What needs to be done
Go through the following data and transcribe exactly the stretch of lines from the one holding "Preview wallpaper porsche, cayman, gt4, yellow, side" to the one holding "El presidente de la AN, Julio", both included.

Provided records
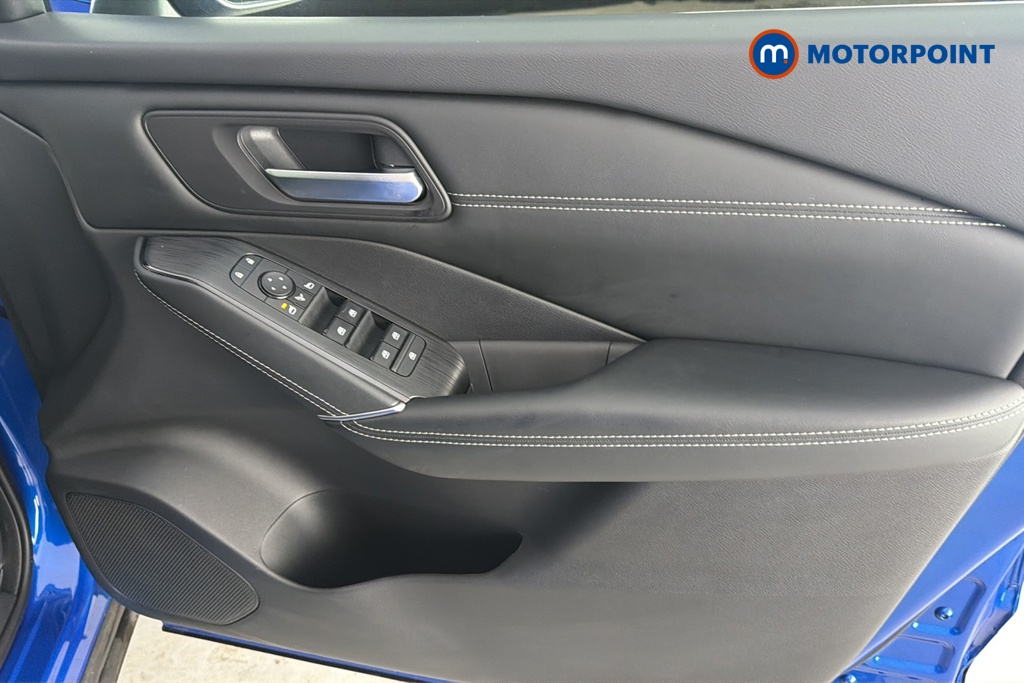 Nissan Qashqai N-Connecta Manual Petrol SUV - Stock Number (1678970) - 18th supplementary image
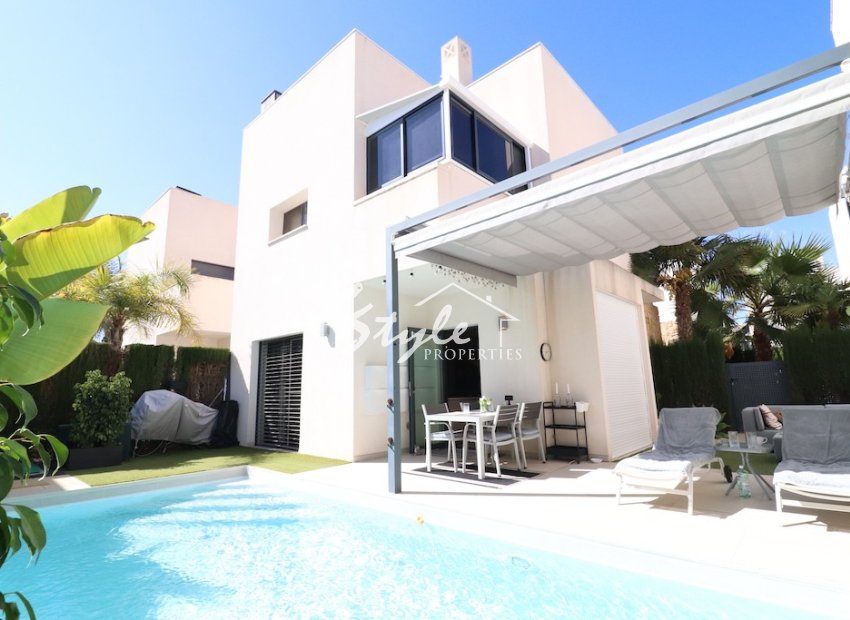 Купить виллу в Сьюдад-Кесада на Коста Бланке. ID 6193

* * *

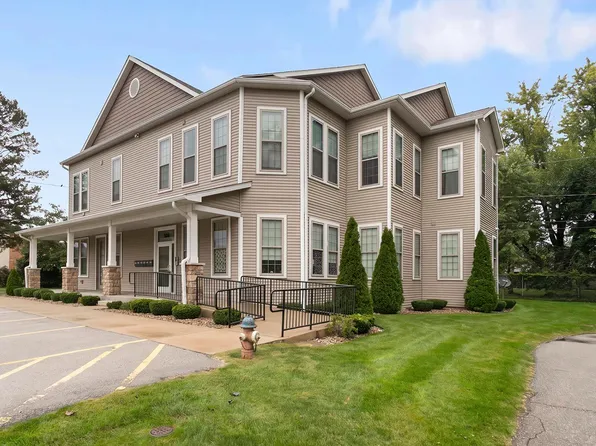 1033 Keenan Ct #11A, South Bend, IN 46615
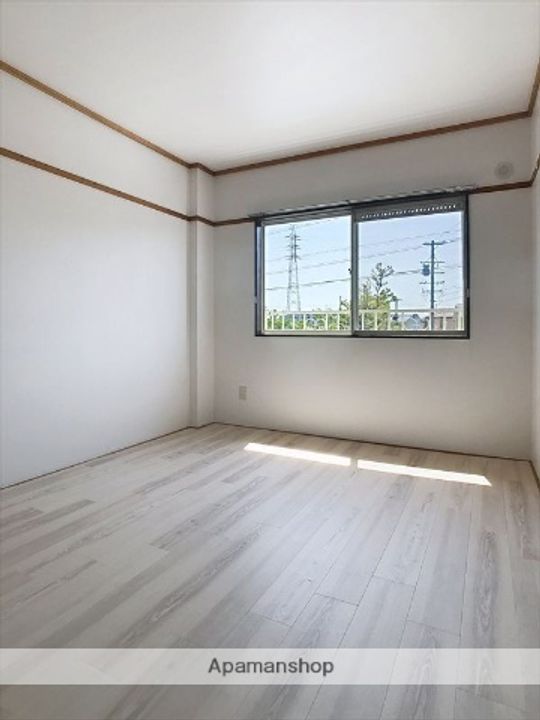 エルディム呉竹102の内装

---

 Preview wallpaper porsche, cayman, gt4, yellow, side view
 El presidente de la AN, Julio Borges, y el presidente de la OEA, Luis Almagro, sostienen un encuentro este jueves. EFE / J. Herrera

Response to the exercise
 Preview wallpaper porsche, cayman, gt4, yellow, side view
 El presidente de la AN, Julio Borges, y el presidente de la OEA, Luis Almagro, sostienen un encuentro este jueves. EFE / J. Herrera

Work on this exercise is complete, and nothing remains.